Wholesale: strong organic growth

Eurocash Group’s wholesale segment recorded 6% y/y growth in sales in this year’s first quarter, to PLN 4.36 billion. The segment’s EBITDA reached nearly PLN 114 million, up by 13% from the previous year.

“The wholesale segment’s results were positively impacted by strong growth in like-for-like sales at Cash&Carry wholesalers, reaching 8.5% y/y, and a nearly 16% bump in cigarette sales, mainly to large customers. These increases more than offset the decline in sales at the Eurocash Food Service format, which caters to the HoReCa channel,” said Jacek Owczarek.

The wholesale segment was furthermore positively affected by the integration of Eurocash Distribution with Eurocash Alkohole, which was completed last year. The Eurocash.pl platform was successfully continued to be developed within the Eurocash Distribution format, as well. It is currently used by 12 600 customers of the Group – independent entrepreneurs operating retail shops. Sales via Eurocash.pl in the first quarter of this year reached PLN 1 billion (compared to PLN 0.8 billion in the same period of 2019).

Retail: completed integration, investments in productivity growth

External sales in Eurocash Group’s retail segment in Q1 2020 reached PLN 1.49 billion, up by 12% from last year’s first quarter.
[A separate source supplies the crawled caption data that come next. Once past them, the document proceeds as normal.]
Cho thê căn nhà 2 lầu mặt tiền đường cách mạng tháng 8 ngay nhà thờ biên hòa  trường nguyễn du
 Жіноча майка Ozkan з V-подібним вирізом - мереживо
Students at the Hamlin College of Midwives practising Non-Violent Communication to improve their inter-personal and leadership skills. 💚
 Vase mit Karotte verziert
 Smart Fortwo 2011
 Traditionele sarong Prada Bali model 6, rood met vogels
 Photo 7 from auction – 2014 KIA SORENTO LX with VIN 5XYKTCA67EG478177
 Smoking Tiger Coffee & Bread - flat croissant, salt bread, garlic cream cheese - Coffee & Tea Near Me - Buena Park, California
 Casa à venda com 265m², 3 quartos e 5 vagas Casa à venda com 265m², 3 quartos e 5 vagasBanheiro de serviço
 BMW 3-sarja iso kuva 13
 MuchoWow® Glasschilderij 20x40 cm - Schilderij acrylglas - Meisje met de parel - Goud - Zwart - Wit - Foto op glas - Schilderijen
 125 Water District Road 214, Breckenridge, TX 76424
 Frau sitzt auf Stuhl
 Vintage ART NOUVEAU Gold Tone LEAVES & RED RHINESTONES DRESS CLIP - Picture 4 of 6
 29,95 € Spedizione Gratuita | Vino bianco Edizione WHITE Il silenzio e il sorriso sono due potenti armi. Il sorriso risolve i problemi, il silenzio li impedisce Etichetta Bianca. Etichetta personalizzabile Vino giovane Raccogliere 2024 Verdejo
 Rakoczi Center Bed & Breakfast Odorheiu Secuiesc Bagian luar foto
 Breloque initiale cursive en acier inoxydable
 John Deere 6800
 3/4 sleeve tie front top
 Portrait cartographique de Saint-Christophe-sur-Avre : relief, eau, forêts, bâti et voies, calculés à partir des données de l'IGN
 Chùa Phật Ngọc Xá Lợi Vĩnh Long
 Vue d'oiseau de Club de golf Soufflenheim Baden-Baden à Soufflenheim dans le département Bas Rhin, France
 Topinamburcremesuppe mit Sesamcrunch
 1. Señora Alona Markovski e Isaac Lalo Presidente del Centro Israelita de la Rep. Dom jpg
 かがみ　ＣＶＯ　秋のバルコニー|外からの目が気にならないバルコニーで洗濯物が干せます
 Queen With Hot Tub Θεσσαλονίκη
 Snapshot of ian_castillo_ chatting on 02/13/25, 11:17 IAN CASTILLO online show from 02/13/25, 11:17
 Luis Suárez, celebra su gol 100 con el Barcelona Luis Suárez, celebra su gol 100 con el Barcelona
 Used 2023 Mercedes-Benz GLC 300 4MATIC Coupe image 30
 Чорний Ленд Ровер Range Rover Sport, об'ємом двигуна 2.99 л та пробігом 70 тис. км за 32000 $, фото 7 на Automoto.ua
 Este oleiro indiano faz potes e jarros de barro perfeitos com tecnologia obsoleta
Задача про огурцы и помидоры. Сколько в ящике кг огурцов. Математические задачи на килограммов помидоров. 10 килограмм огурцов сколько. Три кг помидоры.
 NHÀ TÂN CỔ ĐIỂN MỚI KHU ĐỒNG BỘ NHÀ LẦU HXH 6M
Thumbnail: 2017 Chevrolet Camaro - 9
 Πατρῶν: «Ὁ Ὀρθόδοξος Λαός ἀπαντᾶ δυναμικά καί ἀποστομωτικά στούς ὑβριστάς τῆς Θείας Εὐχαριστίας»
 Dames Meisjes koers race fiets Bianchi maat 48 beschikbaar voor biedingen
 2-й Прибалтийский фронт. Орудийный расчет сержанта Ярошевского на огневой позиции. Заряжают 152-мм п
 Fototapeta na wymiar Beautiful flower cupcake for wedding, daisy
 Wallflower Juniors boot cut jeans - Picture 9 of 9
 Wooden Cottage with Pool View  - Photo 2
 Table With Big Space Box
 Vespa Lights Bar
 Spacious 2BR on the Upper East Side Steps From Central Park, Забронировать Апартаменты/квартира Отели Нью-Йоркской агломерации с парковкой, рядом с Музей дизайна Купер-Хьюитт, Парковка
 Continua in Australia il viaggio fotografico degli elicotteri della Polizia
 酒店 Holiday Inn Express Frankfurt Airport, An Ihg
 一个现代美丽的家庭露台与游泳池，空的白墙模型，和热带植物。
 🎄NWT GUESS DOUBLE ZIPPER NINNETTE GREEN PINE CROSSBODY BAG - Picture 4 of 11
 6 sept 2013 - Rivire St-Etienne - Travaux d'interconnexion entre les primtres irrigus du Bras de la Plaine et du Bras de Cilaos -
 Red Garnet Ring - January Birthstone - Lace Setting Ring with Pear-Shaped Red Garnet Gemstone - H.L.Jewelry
Retail sales at Delikatesy Centrum on a like-for-like basis increased by 11.3%. The retail segment’s EBITDA reached PLN 54.5 million, up by 5% y/y.

“Following the completion of integration of the supermarket chains acquired in previous years with Delikatesy Centrum, since the beginning of this year the retail segment operates as a harmonised and centralised business. In the first quarter, we invested in shared promotions and communications activities for all stores, which should translate into higher recognisability and competitiveness for the chain as well as further gains in productivity,” said the member of Eurocash’s management board.

Projects: Duży Ben en route to break even

The Projects segment, which is used by Eurocash Group to develop innovative retail formats such as Duży Ben (alcohol markets), abc na kołach (general grocery mobile stores) and Kontigo (cosmetics shops), generated PLN 38 million in sales in the first quarter of 2020, 2.4 times more than in the previous year (PLN 16 million). Due to higher expenditures on expansion across all of these formats, the Projects segment’s impact on consolidated EBITDA in Q1 2020 was PLN -14 million, compared to PLN -10 million in the preceding year.

“The Duży Ben alcohol markets made the largest contribution to sales growth in the Projects segment. Their number at the end of March reached 91, compared to 77 at the end of 2019. We are approaching the break-even point this year – we estimate that this will happen when the Duży Ben chain will have about 120 markets,” said Jacek Owczarek.

According to Eurocash Group’s estimates, the Kontigo chain will break even at approx. 100 locations (there were 33 at the end of March 2020), while the abc na kołach project will start making money when it will have about 240 vehicles (99 at the end of Q1 2020).